→ Requirement
What you produce should be the lines from the line containing "-Damacana Tüp Altlığı Tüp Altlığı" through the last line below, both ends included, reproduced exactly and without pictures.

→ Provided records
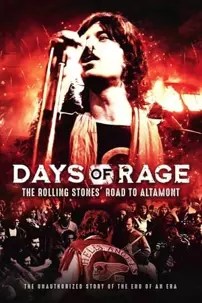 watch-Days of Rage: The Rolling Stones’ Road to Altamont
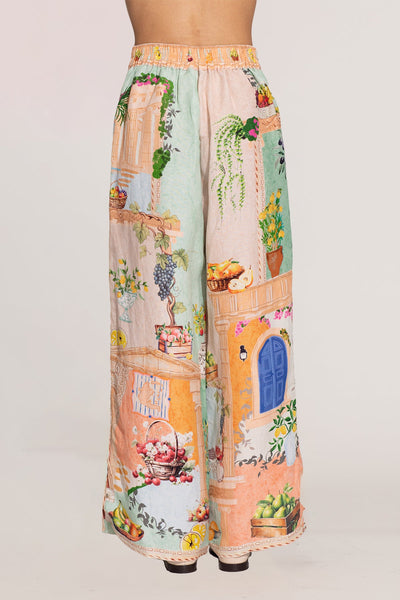 Masha Wide Leg Pants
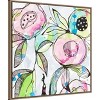 Amanti Art Blooming Summer by Krinlox Framed Canvas Wall Art - 3 of 4
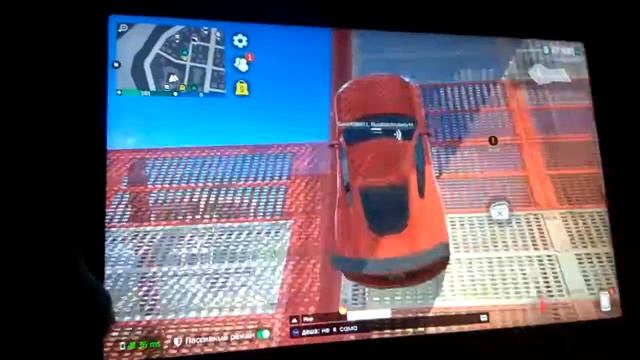 это видео оно сделано в GTA для телефонов наберётся много лайков напишу название смотреть онлайн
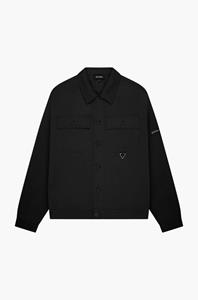 Quotrell Zane overshirt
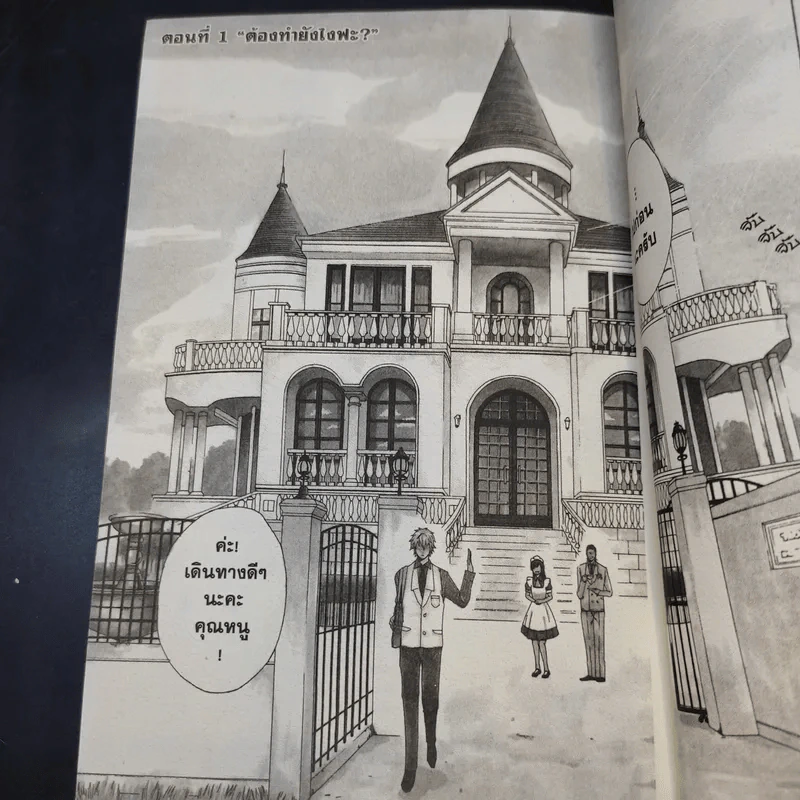 ทำไมโทโดอินเซยะ อายุ 16 รูปหล่อ พ่อรวย แต่ดวงซวยหาแฟนไม่ได้ เล่ม 1 รูปที่ 9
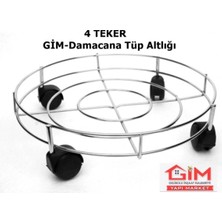 -Damacana Tüp Altlığı Tüp Altlığı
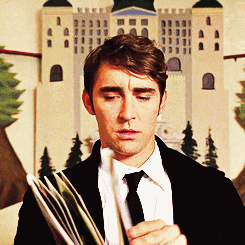 reaction,omg,reaction s,lee pace,leave,pushing daisies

→ Result for this exercise
 -Damacana Tüp Altlığı Tüp Altlığı
 reaction,omg,reaction s,lee pace,leave,pushing daisies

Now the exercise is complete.